Protesters in Philadelphia are calling for hundreds of the city's police officers to be pulled from the streets and assigned to desk duty after their racist and inflammatory posts on social media were posted for all to see.
At the risk of beating a dead horse, it bears repeating exactly why police officers need to be held accountable for racist conduct like this. The only concern is that assigning them to desk duty would not be enough to prevent them from skewing the justice system by targeting minorities.
Racist Social Media Activity by Philadelphia Police Officers Revealed
The Plain View Project is an online database of racist and discriminatory social media posts that have been verified to have originated from police officers. The posts were originally made available to the public by the police officer posting them.
While the Project only covers eight jurisdictions, Philadelphia is one of them.
In all, there were 3,132 Facebook posts, along with thousands of other comments to Facebook posts, from Philadelphia police that had racial undertones or that discriminated against people based on their religion, gender, or orientation.
These posts came from nearly 330 active members of the Philadelphia police force.
Protesters Demand Officers Be Taken Off Streets
When the Project's database was circulated over the past few weeks, protesters took to the streets to demand that the outed officers be assigned to desk duty.
So far, 10 of the police officers listed in the Plain View Project have been put on desk duty and the police department has hired an independent investigator.

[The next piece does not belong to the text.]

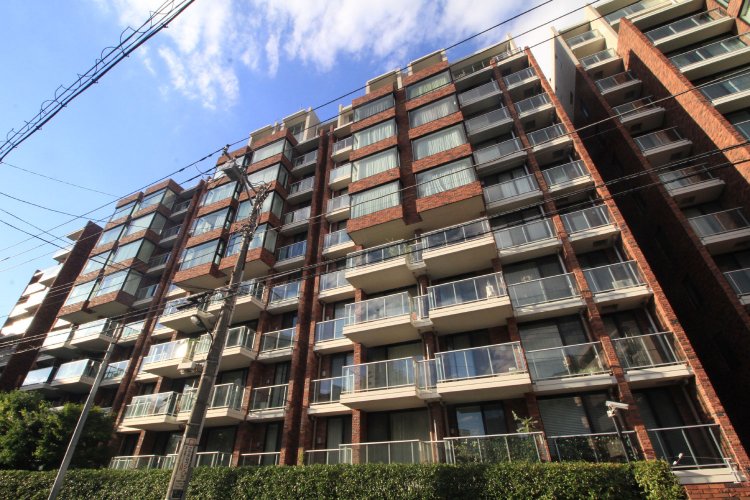 「『目白ガーデンヒルズ』は敷地外周を赤外線センサーで囲み、73台の防犯カメラをシステム構築するなど大使館並みのセキュリティ」と石川さん。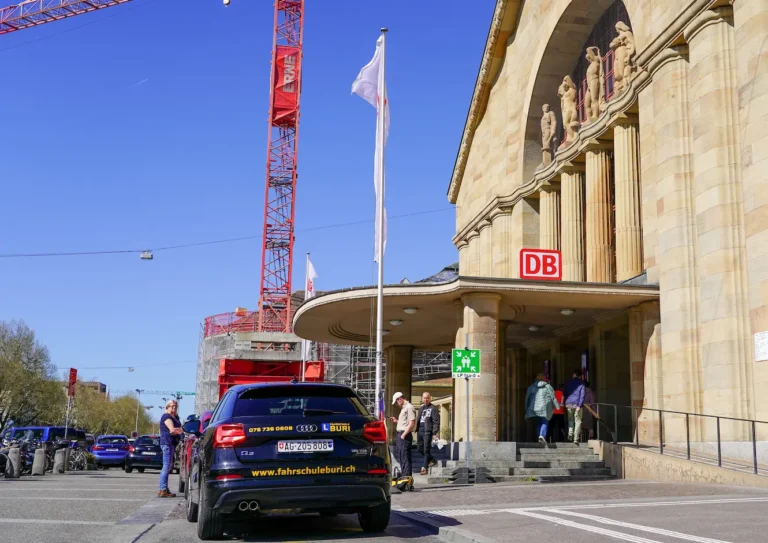 Das Fahrzeug der Fahrschule Buri bei einer Fahrstunde beim Badischen Bahnhof in Basel vor der Eingangshalle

Why Racist Comments Should Disqualify Someone from All Police Work
Police officers have a difficult and very important job: They are supposed to apply the law to real-life situations in real-time. To do this, police officers are granted lots of discretion about how they interact with people. They are also expected to act with restraint – both by bypassing people who do not seem to have broken the law and by relying on the criminal justice system to punish those who do seem to have broken the law.
As soon as police officers reveal that they have an agenda or a strong animosity against certain people or types of people, everything that they do on the job becomes tainted. For a police officer with a documented history of hating blacks or Muslims (two particular populations that were commonly attacked in social media posts by officers in Philadelphia), the officer's decision to let a white driver off with just a warning becomes just as tainted as their decision to make a violent arrest of a black person.
Even if it were somehow possible for the police officer to compartmentalize their discriminatory thoughts, the mere illusion that those thoughts are in play while the officer is on the job is enough to disqualify them from wearing a badge because the public cannot trust the officer to behave in an unbiased way.
Unfortunately, this means that the protesters' demands that the officers outed by the Plain View Project be assigned to desk duty does not go far enough. Officers on desk duty still play important roles in law enforcement and the criminal justice system. Worse, their work is far more difficult to detect. The taint that their racism brings to their work product betrays the public's trust in police so much that they need to be kicked off the force, entirely.